Embora o uso de cédulas e moedas tenha diminuído com o avanço dos pagamentos digitais, o estudo dos sistemas monetários continua sendo um tema fascinante. A matemática por trás do troco revela conceitos profundos de otimização, que vão muito além das transações do dia a dia e encontram aplicações em diversas áreas do conhecimento.

Uma estratégia bastante natural para obter o "melhor troco" é pegar, sempre que possível, a maior moeda disponível sem ultrapassar o valor desejado. Esse método, conhecido como estratégia gulosa, funciona localmente: a cada passo, escolhemos a opção que parece melhor naquele momento, sem pensar no que vem depois. No sistema monetário brasileiro, por exemplo, se queremos dar 75 centavos, pegamos uma moeda de 50 e uma de 25 — rápido e eficiente.

Mas será que a estratégia gulosa sempre nos dá a melhor solução? Nem sempre! Imagine um sistema de moedas com valores de 1, 3 e 4 centavos. Se precisarmos formar 6 centavos e seguirmos a estratégia gulosa, pegamos a maior moeda disponível, a de 4 centavos. Restam 2 centavos, que só podem ser formados com duas moedas de 1. Total: três moedas. Mas há uma opção melhor: apenas duas moedas de 3 centavos resolveriam o problema!

Isso nos leva a uma pergunta intrigante: o que faz com que alguns sistemas de moedas sempre permitam o uso da estratégia gulosa, enquanto outros não? Para entender melhor, vejamos um exemplo prático. No sistema monetário brasileiro, temos moedas de 1, 5, 10, 25 e 50 centavos, além da de 1 real. Se quisermos formar um valor como 87 centavos, a estratégia gulosa funciona perfeitamente:


  1. Pegamos a maior moeda possível, 50 centavos, restando 37.

  2. Depois, pegamos uma moeda de 25 centavos, restando 12.

  3. Em seguida, uma moeda de 10 centavos, restando 2.

  4. Finalmente, usamos duas moedas de 1 centavo.


No total, usamos 5 moedas, que é a melhor solução possível. Mas como podemos ter certeza de que isso acontece para qualquer valor?

Uma ferramenta poderosa para responder a essa pergunta é a indução matemática. A ideia da indução é semelhante ao efeito dominó: se conseguimos provar que a estratégia funciona para pequenos valores e que, sempre que ela funciona para um número, ela também funciona para o próximo, então conseguimos garantir que a propriedade vale para qualquer valor. No nosso caso, primeiro, verificamos se a estratégia gulosa funciona para os menores valores possíveis.

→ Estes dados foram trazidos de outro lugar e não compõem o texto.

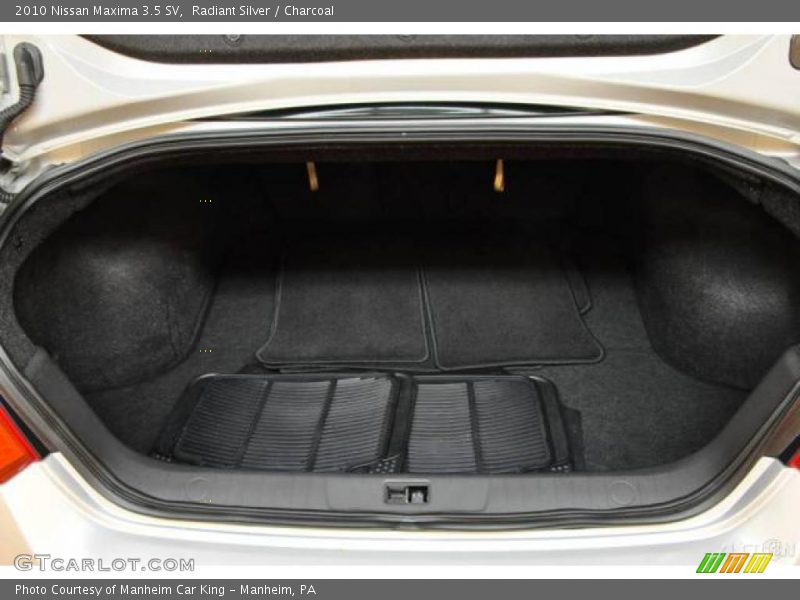 Radiant Silver / Charcoal 2010 Nissan Maxima 3.5 SV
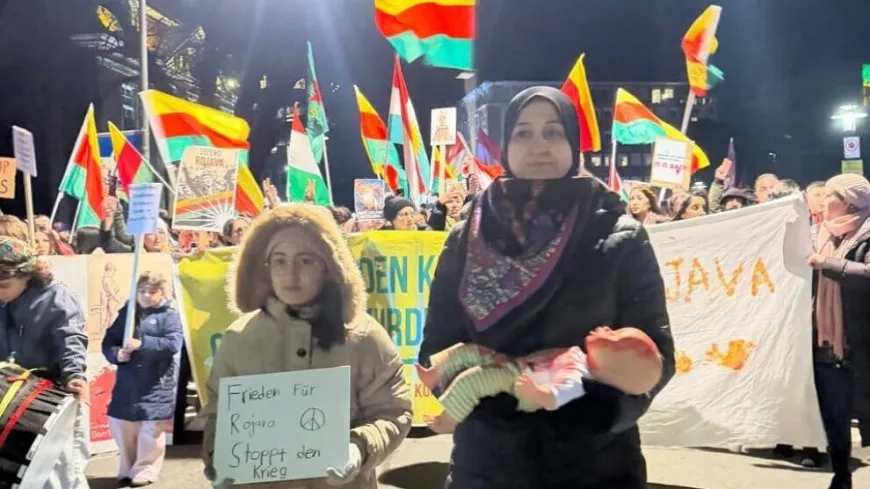 Li Munsterê bi hezaran Kurd ber bi avahiya NATO’yê meşiyan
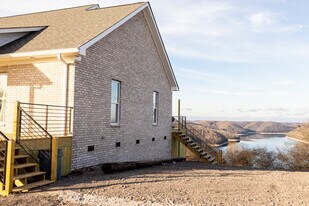 161 Emalyn Ct in Smithville, TN - Building Photo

Depois, mostramos que, se ela funciona para um determinado valor, então também funcionará para o próximo.


Vamos aplicar a noção de indução no caso do sistema monetário brasileiro:


  1. Observamos que a estratégia gulosa funciona para os menores valores, como 1, 5 e 10 centavos.

  2. Suponha que ela funcione para qualquer valor até um certo número V, ou seja, o troco ótimo pode ser obtido sempre escolhendo a maior moeda disponível sem ultrapassar V.

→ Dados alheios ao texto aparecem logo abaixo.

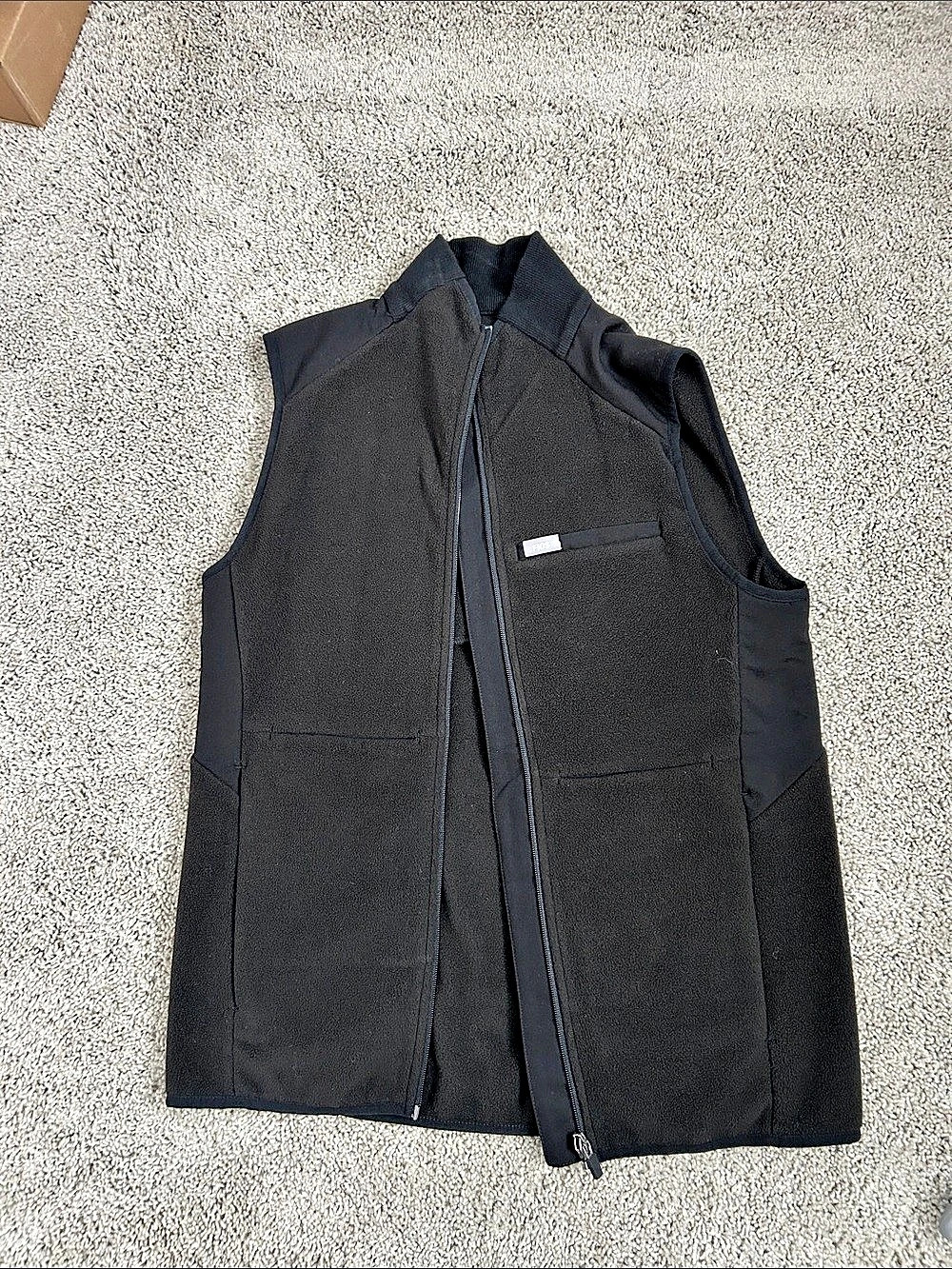 FIGS On-Shift Fleece Vest Women’s Black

  3. Agora consideramos V+1. O algoritmo guloso escolherá a maior moeda possível, digamos M, tal que M≤V+1. O valor restante será V+1−M que, por hipótese de indução, já pode ser resolvido de maneira ótima. Como apenas acrescentamos uma única moeda a essa solução ótima, a quantidade total de moedas usadas para V+1 também será a menor possível.

  4. Como essa lógica pode ser repetida para qualquer valor, concluímos que a estratégia gulosa sempre funcionará para o sistema monetário brasileiro.

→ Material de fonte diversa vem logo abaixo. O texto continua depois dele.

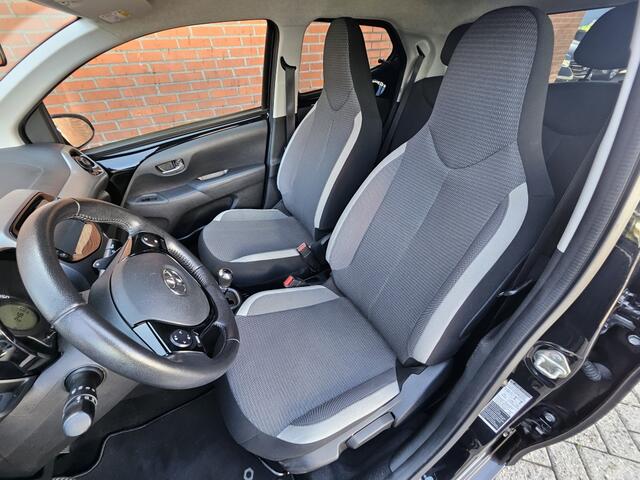 Toyota AYGO 1.0 VVT-i x-joy Automaat 1e eigenaar Clima Camera Carplay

Obs.: Se adicionarmos as cédulas ao conjunto de valores disponíveis (2, 5, 10, 20, 50 e 100 reais), a estratégia gulosa continuará funcionando, garantindo o menor número de unidades monetárias necessárias para compor qualquer valor.


Um sistema monetário para o qual a estratégia gulosa sempre funciona é chamado de sistema canônico. A maioria dos sistemas monetários modernos são projetados para serem canônicos, facilitando transações eficientes e minimizando o número de moedas e cédulas necessárias para compor qualquer valor. Isso é feito através de uma escolha cuidadosa das valores, garantindo que qualquer quantia possa ser formada da maneira mais eficiente possível.

A matemática por trás das moedas nos ensina uma lição valiosa: nem sempre a escolha mais óbvia e imediata é a melhor a longo prazo. Na vida e na matemática, às vezes, vale a pena pensar alguns passos à frente antes de dar o troco!